Entries provided>
╭──

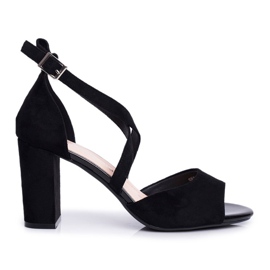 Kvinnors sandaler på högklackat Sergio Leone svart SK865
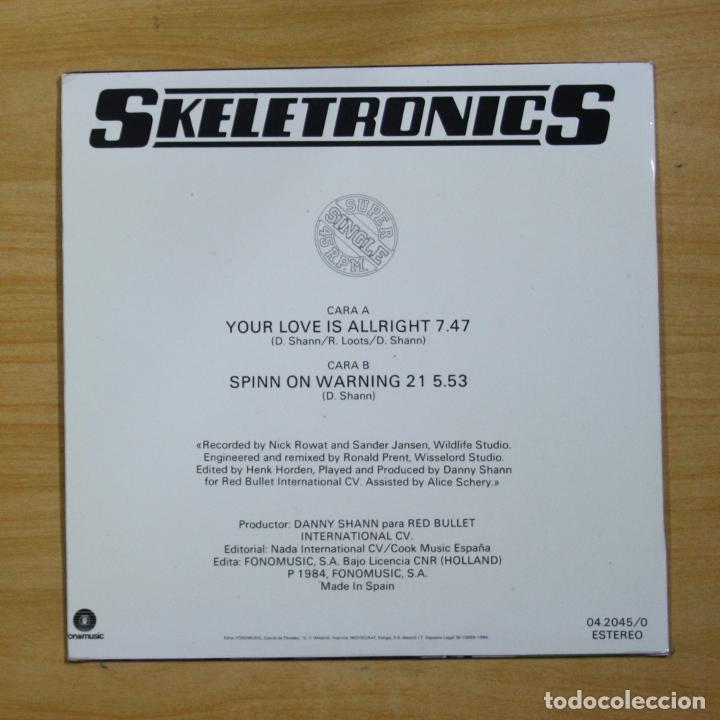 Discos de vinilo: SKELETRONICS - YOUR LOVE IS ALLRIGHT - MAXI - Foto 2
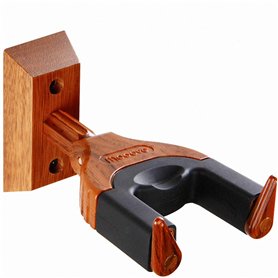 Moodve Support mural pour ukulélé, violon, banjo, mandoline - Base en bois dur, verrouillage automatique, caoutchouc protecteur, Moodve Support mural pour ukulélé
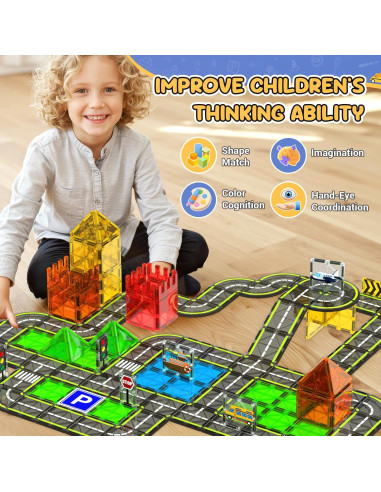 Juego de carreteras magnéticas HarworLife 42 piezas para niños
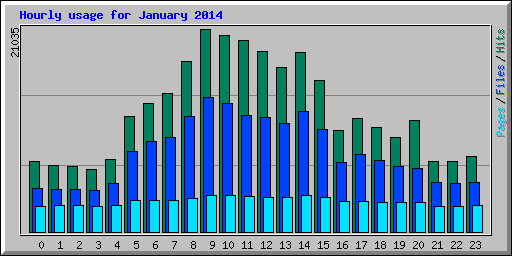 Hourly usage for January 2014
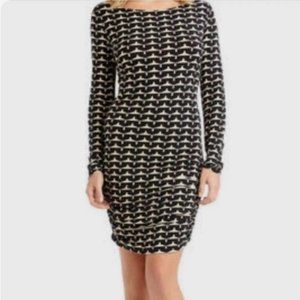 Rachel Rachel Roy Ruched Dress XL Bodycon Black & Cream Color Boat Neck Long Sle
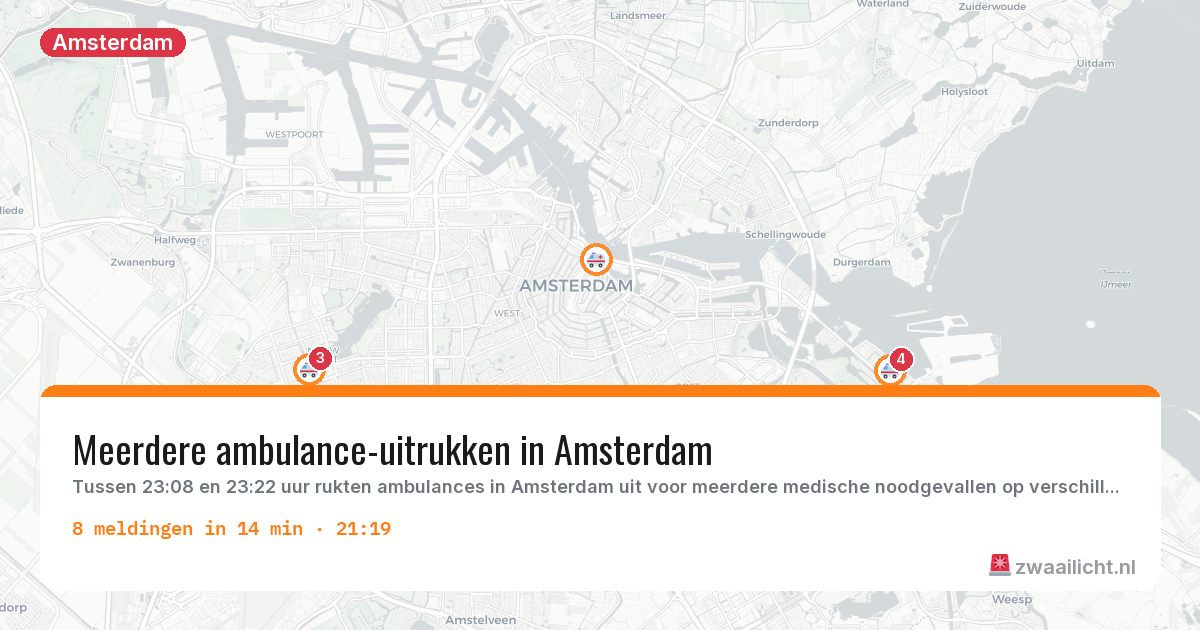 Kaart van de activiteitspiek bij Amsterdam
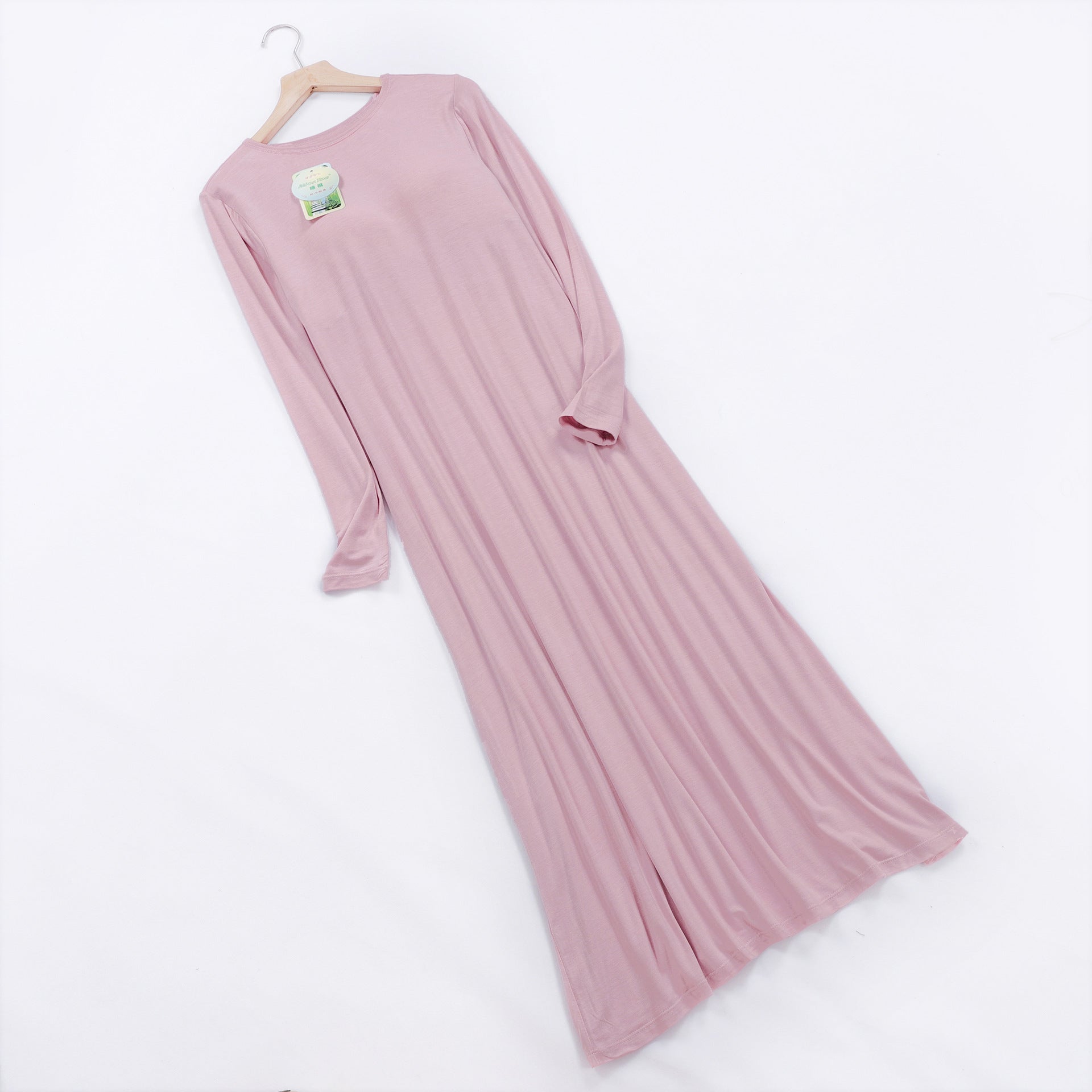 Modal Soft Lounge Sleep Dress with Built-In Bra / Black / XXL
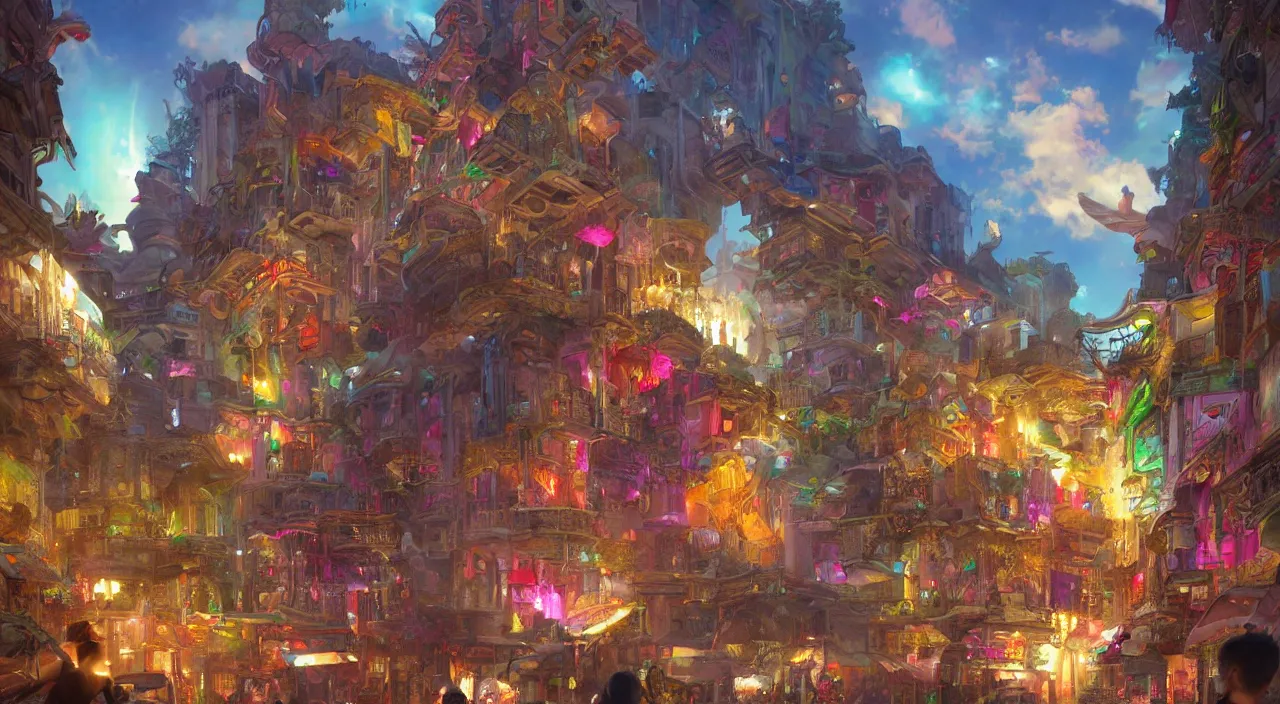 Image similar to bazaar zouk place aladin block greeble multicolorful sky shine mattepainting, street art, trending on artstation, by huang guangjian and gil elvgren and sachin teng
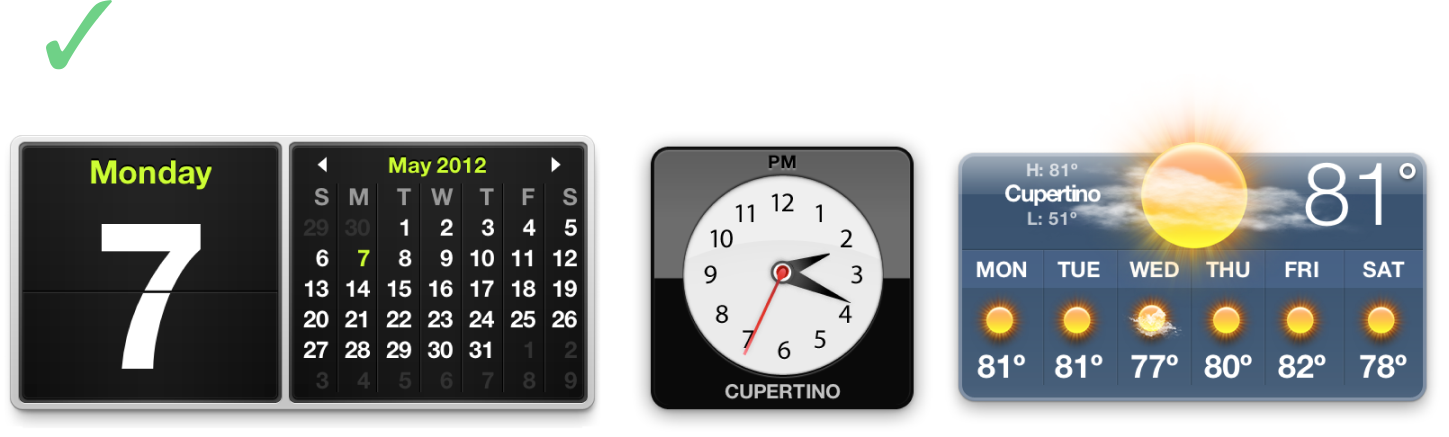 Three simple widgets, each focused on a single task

╰──

Your reply should consist only of the lines running from the line with "Kaart van de activiteitspiek bij Amsterdam" to the end of the entries, both included, copied exactly and without any pictures.

Written response>
 Kaart van de activiteitspiek bij Amsterdam
 Modal Soft Lounge Sleep Dress with Built-In Bra / Black / XXL
 Image similar to bazaar zouk place aladin block greeble multicolorful sky shine mattepainting, street art, trending on artstation, by huang guangjian and gil elvgren and sachin teng
 Three simple widgets, each focused on a single task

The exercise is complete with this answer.